--- DATASET CONTENT Enclosed Below ---
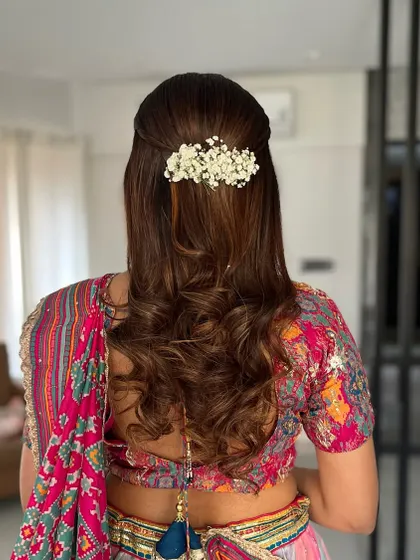 A perfect blend of elegance and charm for an engagement day. This half-up, half-down hairstyle with soft curls is decorated with a delicate baby's breath accessory.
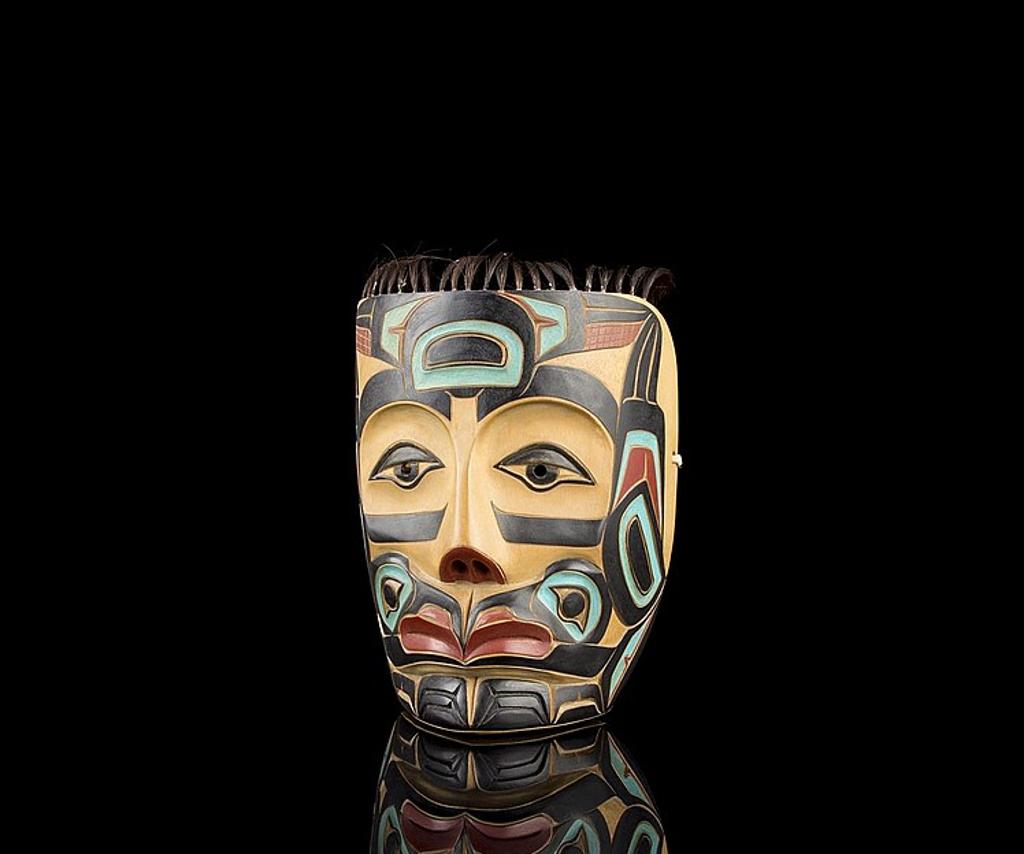 Ron A. Sebastian (1945) - a carved and polychromed Raven portrait mask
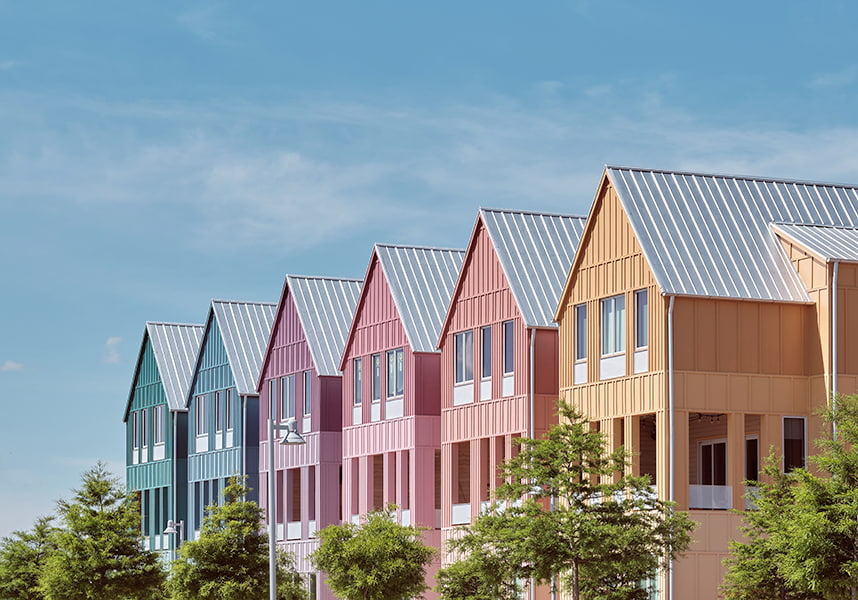a row of five houses in pastel colors in the Wheeler District of Oklahoma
--- End of Enclosed DATASET CONTENT ---
Restate each line of the material word for word, skipping any picture.

 A perfect blend of elegance and charm for an engagement day. This half-up, half-down hairstyle with soft curls is decorated with a delicate baby's breath accessory.
 Ron A. Sebastian (1945) - a carved and polychromed Raven portrait mask
a row of five houses in pastel colors in the Wheeler District of Oklahoma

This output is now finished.